Tuesday, February 25, 2014

UCSF Scientists Develop Cell Reprogramming Technique to Generate Hepatocytes for Therapeutic Use

Regenerative Medicine Research News:

The liver possesses some capacity to regenerate or heal itself after injury. When the liver is damaged beyond this capacity, a whole-liver transplant is the preferred treatment of many medical professionals, but the demand for donor livers far exceeds supply.

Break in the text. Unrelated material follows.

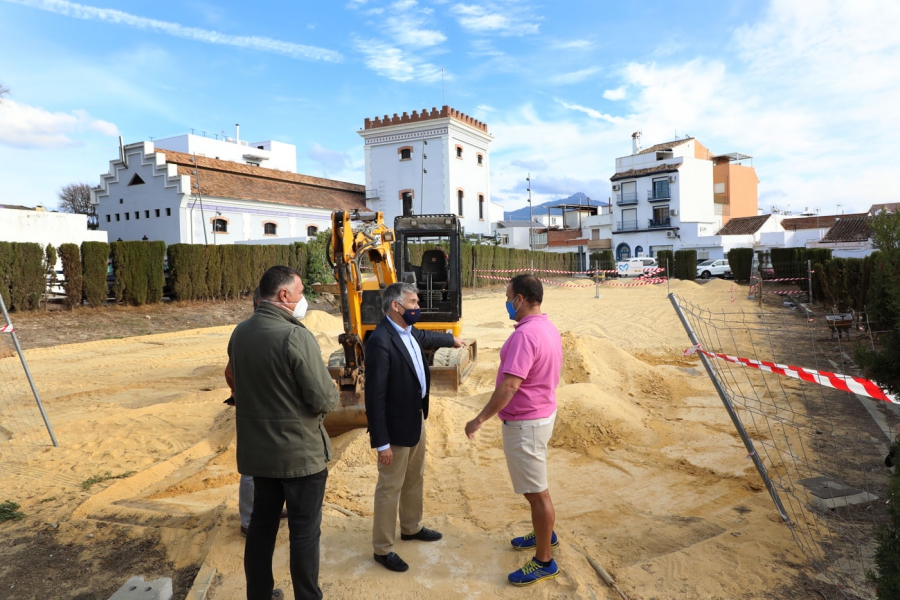 El Ayuntamiento creará una pista multideportiva en el barrio de El Ingenio de San Pedro Alcántara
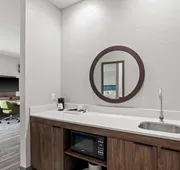 Hampton Inn & Suites Mount Pleasant hotel detail image 7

Thus, scientists are developing regenerative medicine therapies to treat damaged livers.

Human hepatocytes have been generated in vitro from induced pluripotent stem cells (iPSC), but these cells do not adequately proliferate and function after transplantation into mouse models of liver damage for therapeutic success.

In a study published in Nature Feb 23, 2014, UCSF scientists describe how they developed an induced multipotent progenitor cell (iMPC) reprogramming technique to differentiate
human hepatocytes from human fibroblasts. Instead of allowing the cells to develop pluripotency, as occurs with iPSC techniques, the researchers differentiated the iMPC cells into endodermal progenitor cells (iMPC-EPCs) before further inducing them into hepatocytes  (iMPC-Heps).

After transplantation into mouse models of liver damage, the iMPC-Heps showed greater repopulation levels in mouse livers than studies using iPSC protocols, marking some progress towards autologous liver cell therapy.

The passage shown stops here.